Wireless solutions are very attractive in that they require no wires to be installed. They allow networked computers to be located anywhere within the home, and they support mobility within the house. In the past, wireless technologies suffered from being too expensive for broad consumer acceptance, had lackluster performance, and were too power-hungry for use in battery-powered devices. More recently, two standards using the unlicensed 2.4-gigahertz (GHz) band that overcome these shortcomings have emerged: 802.11b and HomeRF. 802.11b has been defined by the Institute of Electrical and Electronics Engineers (IEEE) and supported by the Wireless Ethernet Compatibility Alliance industry consortium. It uses direct sequence spread spectrum rather than frequency hopping, and operates at up to 11 Mbps for data. A number of vendors have announced 802.11b products. 802.11b is also being widely supported in business environments and public access points and is also being used in a number of community access initiatives. With both standards, there are issues of interference with other uses and other technologies that make use of the same radio spectrum.

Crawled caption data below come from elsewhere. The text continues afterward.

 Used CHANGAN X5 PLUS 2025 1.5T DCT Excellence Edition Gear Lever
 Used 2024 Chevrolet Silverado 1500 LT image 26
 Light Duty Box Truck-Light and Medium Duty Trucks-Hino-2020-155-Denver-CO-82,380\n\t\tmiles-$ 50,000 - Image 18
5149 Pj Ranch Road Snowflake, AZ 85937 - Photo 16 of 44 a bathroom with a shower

Products using a new standard from IEEE (802.11a), which use the 5-GHz band and promise data rates of 54 Mbps, are under development. Another wireless LAN standard operating in the 2.4-GHz band, 802.11g, would boost speeds to as much as 54M bit/sec while proving backward compatibility with the 802.11b. Another relevant wireless standard is Bluetooth. Currently Bluetooth targets data rates of less than 1 Mbps, although work is ongoing to define higher-speed versions. However, it focuses now and probably in the future on short-range “personal area networking,” at less than 10 meters (m). While Bluetooth will likely have applications in the home, the range may restrict it from being a general-purpose solution for home networking. Also, because both Bluetooth and the current generation of wireless LANs use the same spectrum, there are still unresolved issues of how to efficiently share the spectrum and avoid interference.

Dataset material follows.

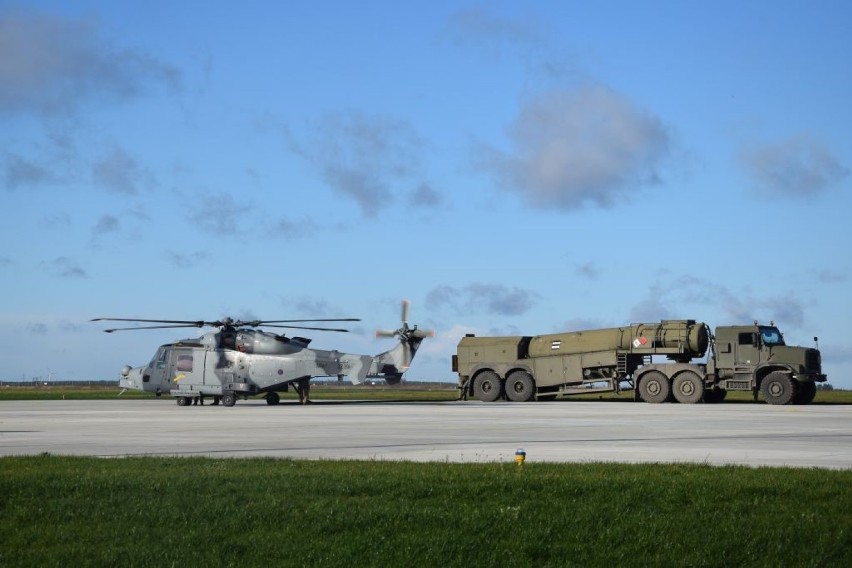 W Suwałkach na lotnisku wylądowały dwa brytyjskie helikoptery. Piloci chcieli uzupełnić paliwo. Zobacz zdjęcia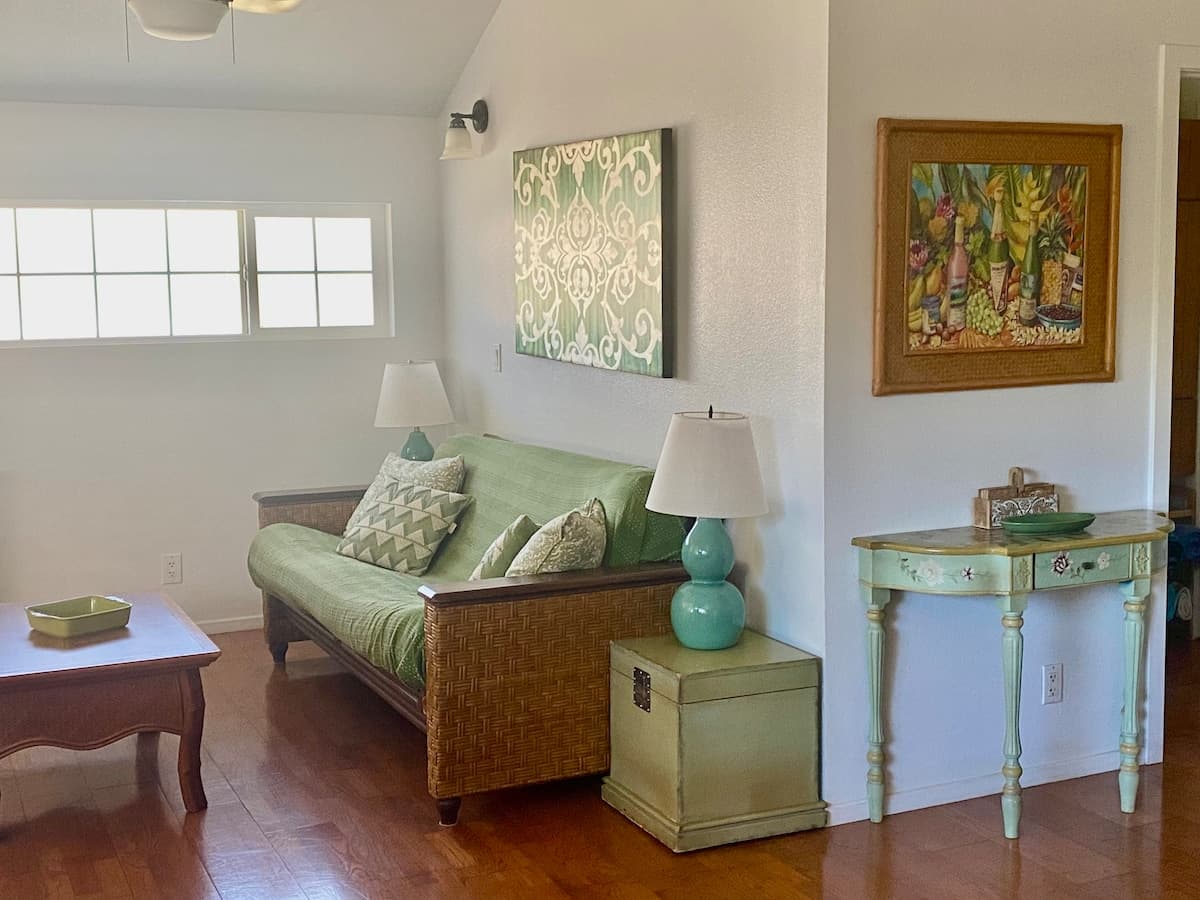 Home in Paia · ★4.87 · 2 bedrooms · 4 beds · 1 private bath - Photo 3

Because power outlets are ubiquitous in homes, there has been long-standing interest in technology that would provide high-speed networking over household AC power wiring. However, there is a great deal of interference present on power wiring, because these wires are used to supply power to motors and other very electrically noisy devices. In addition, many homes utilize both phases of the supply power in different circuits within the home; communicating across outlets connected to different phases requires installation of bridges between the phases, which may be difficult for consumers themselves to install.
In multidwelling units there are also potential interference problems, analogous to those faced in wireless networking, associated with multiple users using common lines. To date, the most common use of networking over the powerlines has been for X-10 home control devices that permit remote operation of lights and the like. In the year 2000, several companies began shipping, or announced, powerline-based data networking products, with claims of data rates up to 10 Mbps. The HomePlug Powerline Alliance available online at <www.homeplug.org> has been formed and is promoting its 10-Mbps baseline standard. Field trials and certification lab are reportedly approaching.
In 2001, a number of products that integrate home networking technology have been announced. Gateways connect to DSL or cable modems and provide home networking via a variety of technologies—the range alone indicates progress in standards-setting and growing technology maturity in this arena. Vendors also are integrating these functions into the modems themselves, aided by the minimal cost of adding home networking functionality to the silicon that implements the modem. Such integration extends to computers and Internet appliances as well, with these devices incorporating one or more home networking technologies. These trends work toward making broadband installation a simpler process for the consumer, eliminating the need for additional wiring, and lessening the need for visits by installers.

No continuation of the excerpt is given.